11 out of 13 people found this review helpful.

I Can See Why it Was Awarded a Pulitzer Prize!

An Army at Dawn, The war in North Africa 1942-1943, by Richard Atkinson tells about the United States first involvement in World War II under code name, Operation Torch . It deals with the planning, shipping of troops to Africa, fighting and many more aspects of this hi...
An Army at Dawn, The war in North Africa 1942-1943, by Richard Atkinson tells about the United States first involvement in World War II under code name, Operation Torch . It deals with the planning, shipping of troops to Africa, fighting and many more aspects of this historical moment of the Second World War. It is a prized read, hence it won the Pulitzer Prize for journalism. This book goes into many details and covers all aspects of the campaign from General Eisenhower to the lowest private. This campaign was an incredible feat and little is known about it to the average American.

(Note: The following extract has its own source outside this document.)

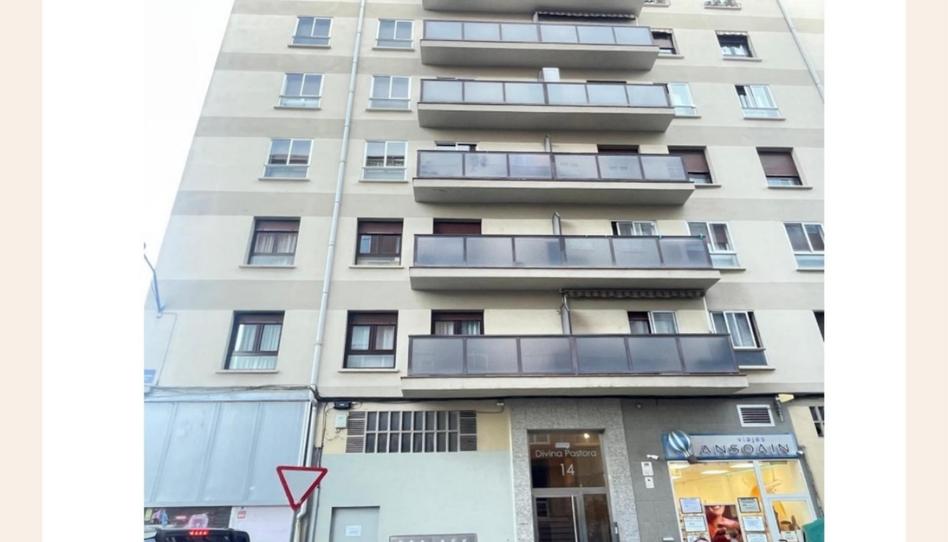 Foto 1 de Pis en venda a Jainkotiarraren Kalea, 14, Ansoáin / Antsoain, Navarra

November 1942, the United States ships thousands of troops and supplies to the shores of Morocco and Algeria, under Task force 34. The objective was to fight the French and later the Germans in North Africa. The French were fighting under the puppet Vichy government that was loyal to Hitler because he threatened to take over the rest of France if they did not comply. US troops met some resistance and had its share of mishaps, but beat the French quite easily. Through diplomatic channels and negotiations the French quickly switched to becoming our allies. But, this was only a taste of what was to come because the Allies would soon face a well seasoned and trained Axis Afrika Korps under Field Marshal Rommel. Having been badly beaten by Montgomery's British Eighth Army a few months earlier in El Alamein, they were on the move westward to face the Allies.

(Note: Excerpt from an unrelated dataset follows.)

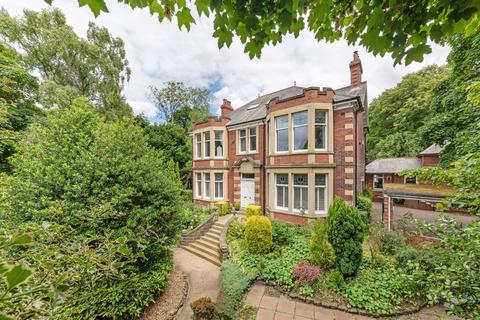 5 bedroom detached house for sale, Aldersyde, Durham Road, Low Fell, Gateshead, Tyne & Wear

Early attempts to reach Tunis by the Allies met with little success. Part of the problem was that the Allied Command was disorganized, poorly coordinated and split by rivalry and national chauvinism. Also, American troops were very green, were under poor field leadership, and critical supplies needed were not being delivered. Hence the Axis make gains in Northern Tunisia at Longstop Hill and at Medjez-El-Bab. With the infamous meeting of Churchill and Roosevelt in January of 1943 in Casablanca, pressure was mounting to finish off the Germans so that a new offensive could take place in the spring and early summer to land troops in Sicily under code name, Operation Husky. But it would not be quite that easy.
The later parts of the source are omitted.